In one embodiment, each one of the coupling sections includes a
pair of strip conductors separated by a dielectric, a first one of
the pair of strip conductors having one end coupled to the first
one of the input ports and an opposite end coupled to the second
output port, and a second one of the pair of strip conductors
having one end coupled to the second input port and an opposite end
coupled to the first output port.
In one embodiment, the one end of one of the second one of the pair
of strip conductors is connected to the opposite end of the first
one of the pair of strip conductors.
In one embodiment, the coupler includes a plurality of horizontally
disposed dielectric layers, each one of the dielectric layers being
disposed on a corresponding one of the strip conductors of the
serially connected, vertically stacked, coupling sections.
In one embodiment, the coupler includes a plurality of electrically
conductive layers, each one of the electrically conductive layers
being disposed between a corresponding pair of the coupling
sections.
In one embodiment, the coupler includes an additional electrically
conductive layer disposed over an upper most one of the serially
connected, vertically stacked, coupling sections.

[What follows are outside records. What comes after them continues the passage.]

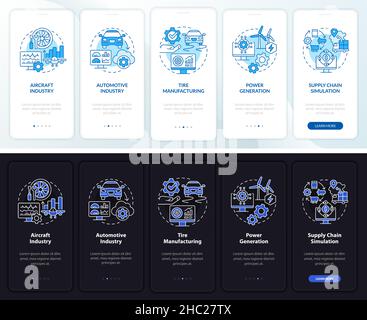 Digital twin usage night and day mode onboarding mobile app screen Stock Vector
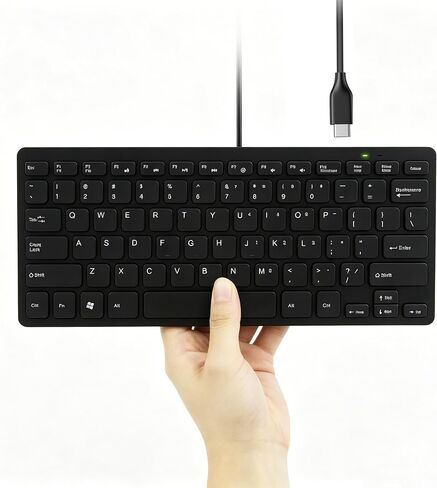 Small Wired Keyboard for Mac (USB C Interface) -Mini Save Space, 78-Key Layout with 14 Media Hotkeys, Type C Slim Compact USB C Keyboard for MacBook, Mac mini/Pro, i-Pad, i-Phone Laptop-Black in Saudi Arabia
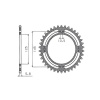 SUNSTAR SUN1-3538-40 SUNSTAR ZADNÉ REŤAZOVÉ KOLESO 857 40 YAMAHA XT 600 '83-94, XT 600Z TENERE 84-89 (JTR857.40) (REŤAZ 520) (85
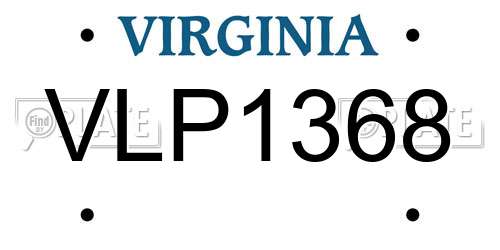 VLP1368 Virginia License Plate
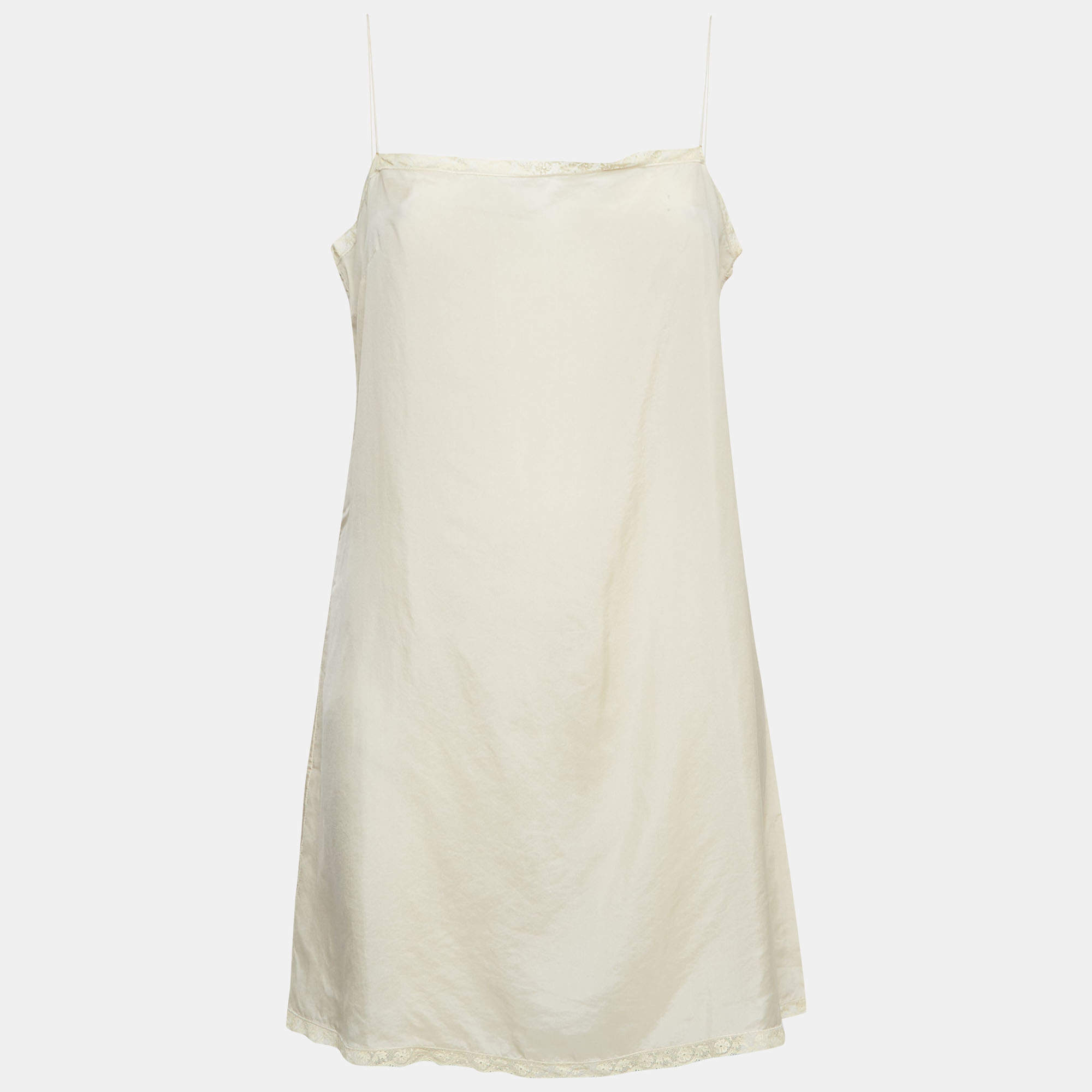 Prada Beige Lace Trim Satin Shoulder Strap Mini Slip Dress M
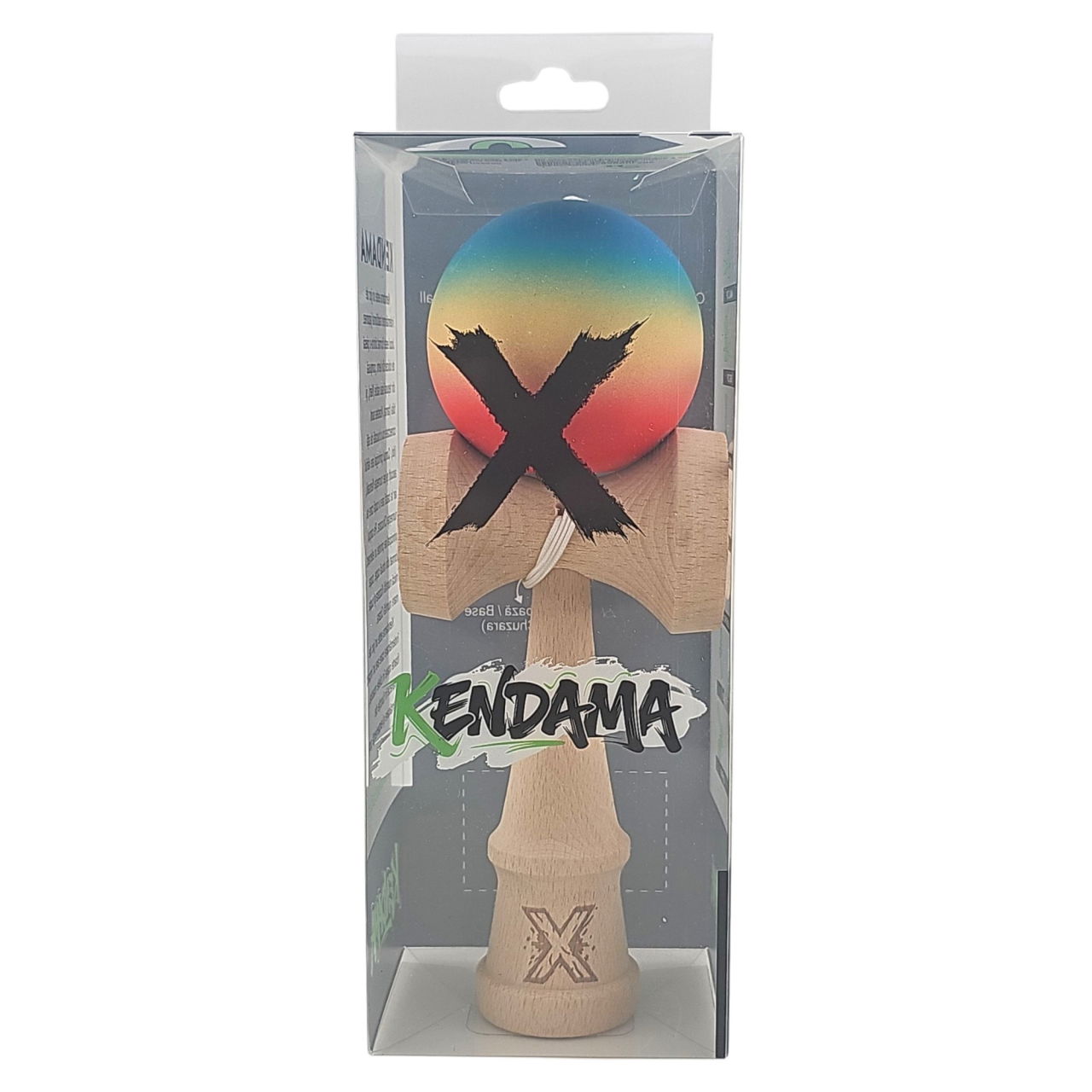 Kendama X Originala, Profesionala, Flippy, din Lemn, Rubber Grip, 18 cm, Rosu/Galben/Albastru [4]
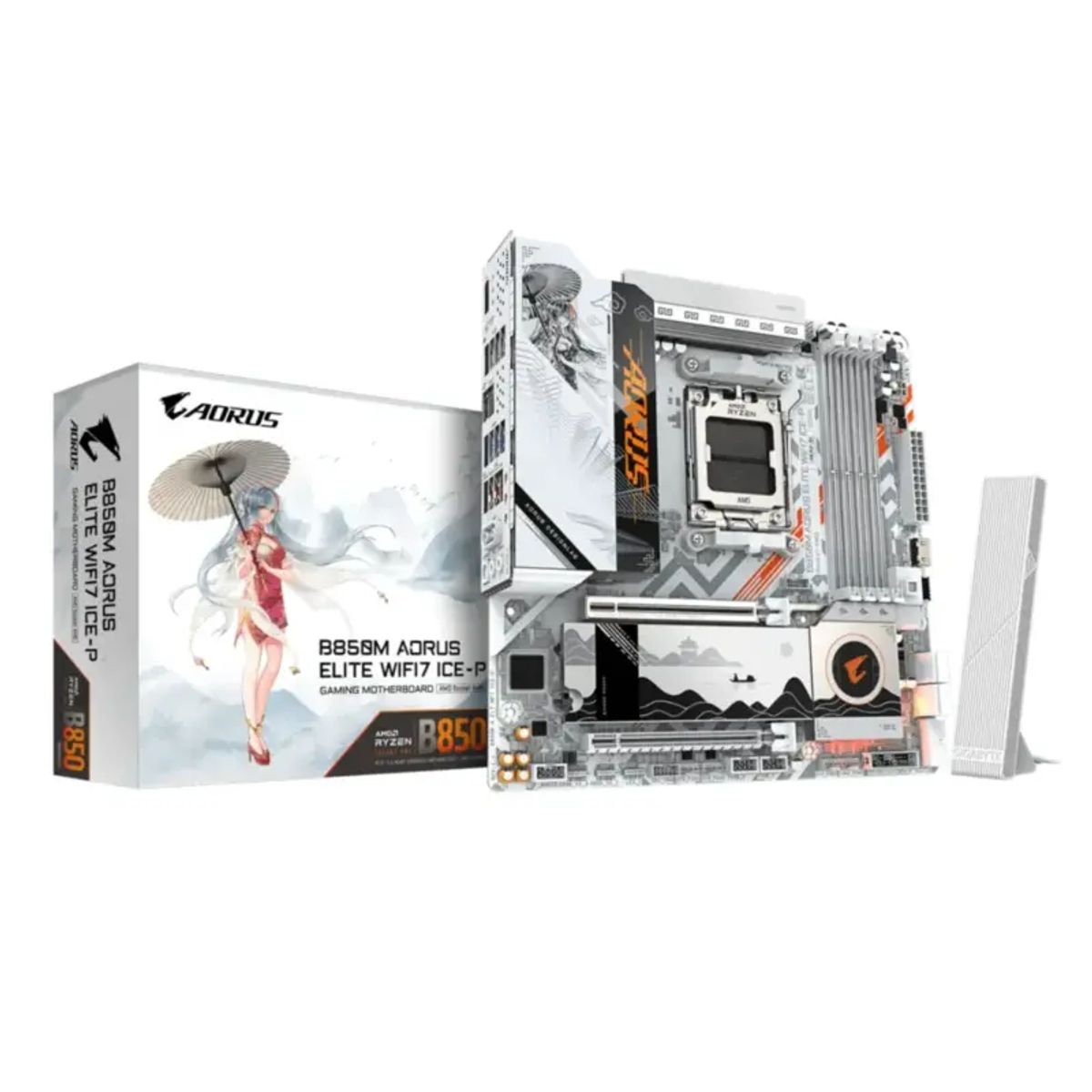 AORUS - Placa Madre Aorus B850M ELITE WIFI7 ICE-P AM5 DDR5 mATX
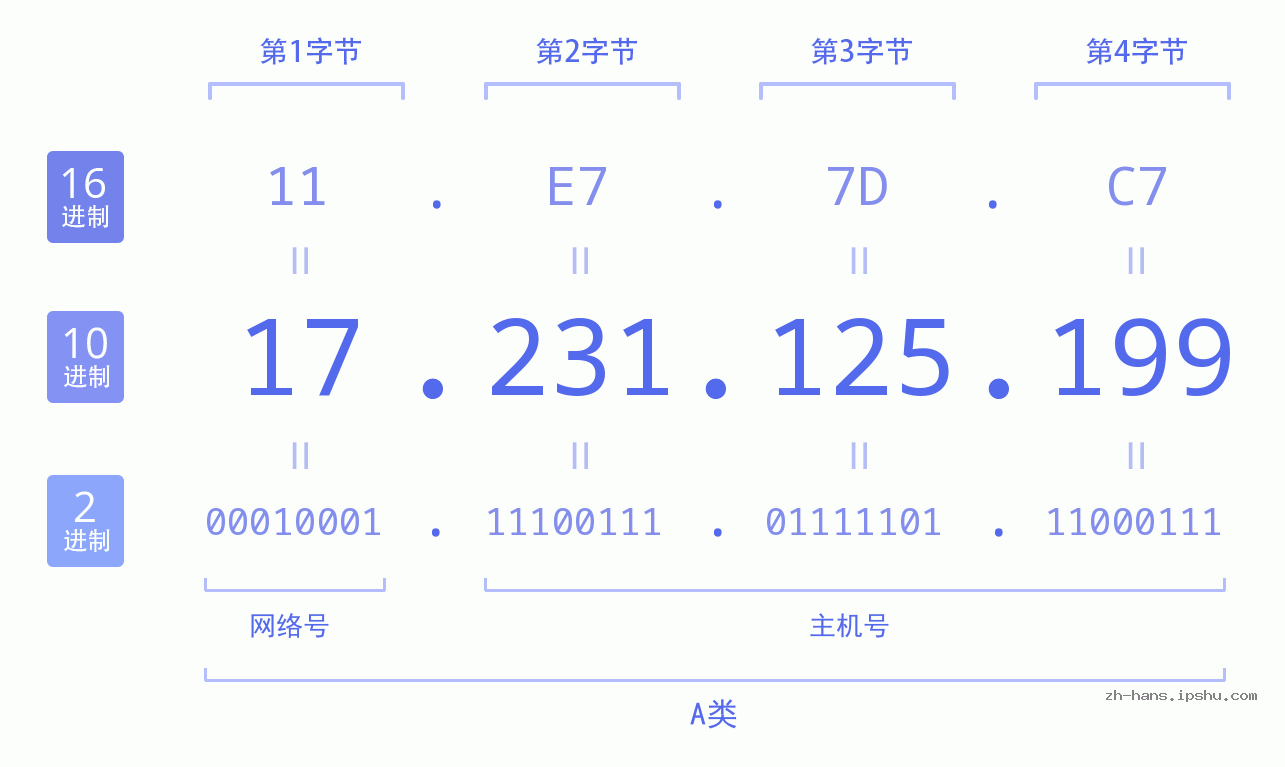 IPv4: 17.231.125.199 网络类型 网络号 主机号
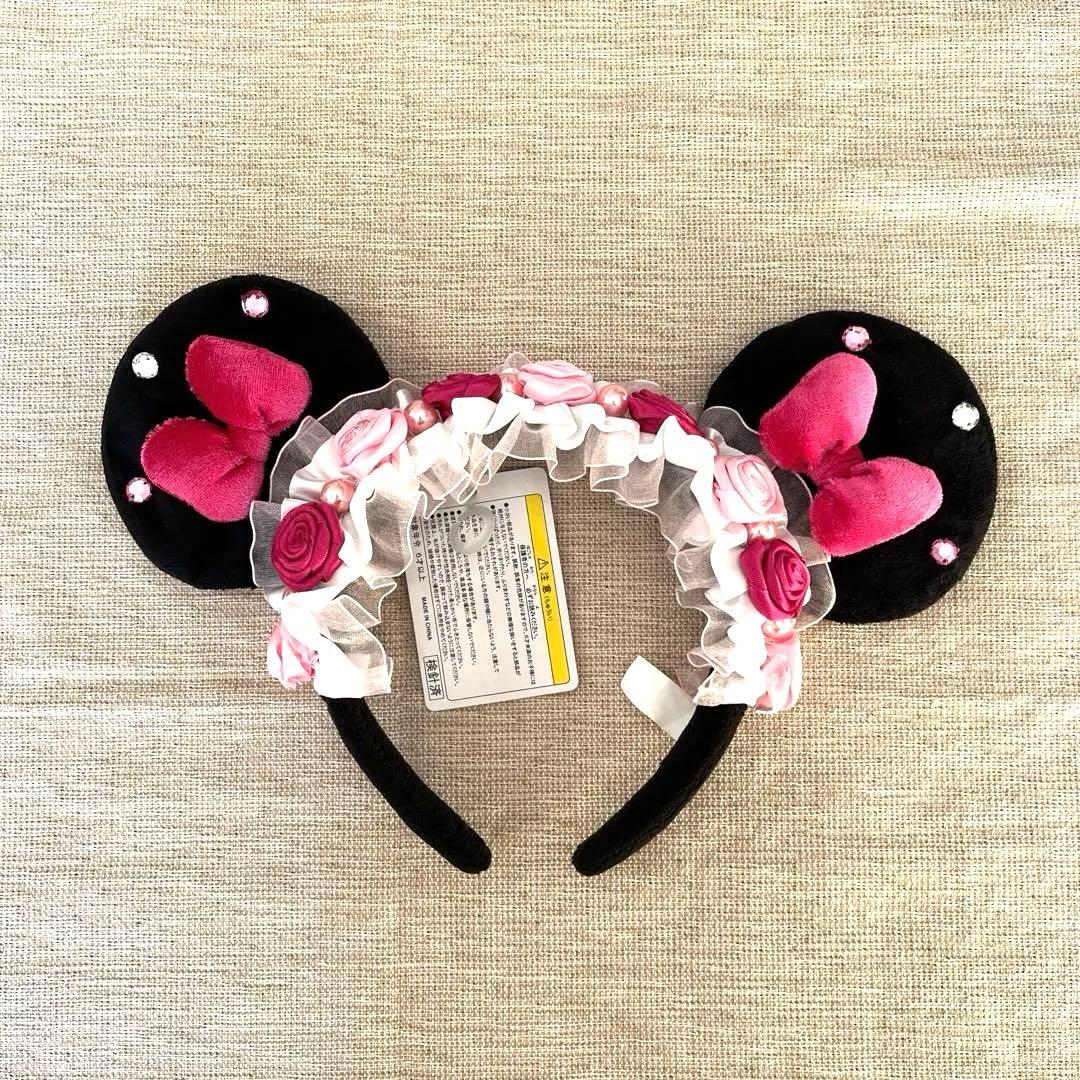 新品未使用タグ付‼️レトロミニーカチューシャ　バラ　フリル パール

In one embodiment, the plurality of connected electrically
conductive layers is disposed between a corresponding pair of the
dielectric layers, the electrically conductive layers being
disposed over an upper most one of the serially connected,
vertically stacked, coupling sections, and the sides of the
electrically conductive layers being disposed on side of the
vertically stacked, coupling sections.
The details of one or more embodiments of the disclosure are set
forth in the accompanying drawings and the description below. Other
features, objects, and advantages of the disclosure will be
apparent from the description and drawings, and from the
claims.
BRIEF DESCRIPTION OF THE DRAWINGS
FIGS. 1A and 1B are a diagrammatical plan and cross sectional
sketches of a coupler according to the PRIOR ART, the cross
sectional sketch of FIG. 1B being taken along line 1B-1B of FIG.
1A;
FIGS. 1C and 1D are a diagrammatical plan and cross sectional
sketches of a coupler according to the PRIOR ART, the cross
sectional sketch of FIG. 1D being taken along line 1D-1D of FIG.
1C;
FIG. 2A is a plan view sketch of a coupler according to the
disclosure;
FIG. 2B is cross sectional view sketch of the coupler of FIG. 2A,
such cross section being taken along line 2B-2B of FIG. 2A;
FIG. 2C is cross sectional view sketch of the coupler of FIG. 2A,
such cross section being taken along line 2C-2C of FIG. 2A;
FIG. 2D is a perspective view sketch of a portion of the of the
coupler of FIG. 2A;
FIGS. 3A-3T are plan, cross sectional and perspective views of the
coupler of FIG. 2A at various stages in the fabrication thereof
wherein FIGS. 3A-3T are plan views; 3A'-3T' are cross sectional
views taken along lines 3A'-3T' in FIGS. 3A-3T, respectively; FIGS.
3B''-3T'' are cross sectional views taken along lines 3B''-3T'' in
FIGS. 3B-3T, respectively; and FIGS. 3B'''-3D''', 3G'''-3K''',
3N''', 3P'''-3T''' are perspective views of a portions of the
coupler;
FIG. 4 is a perspective sketch of portions of the coupler of FIG.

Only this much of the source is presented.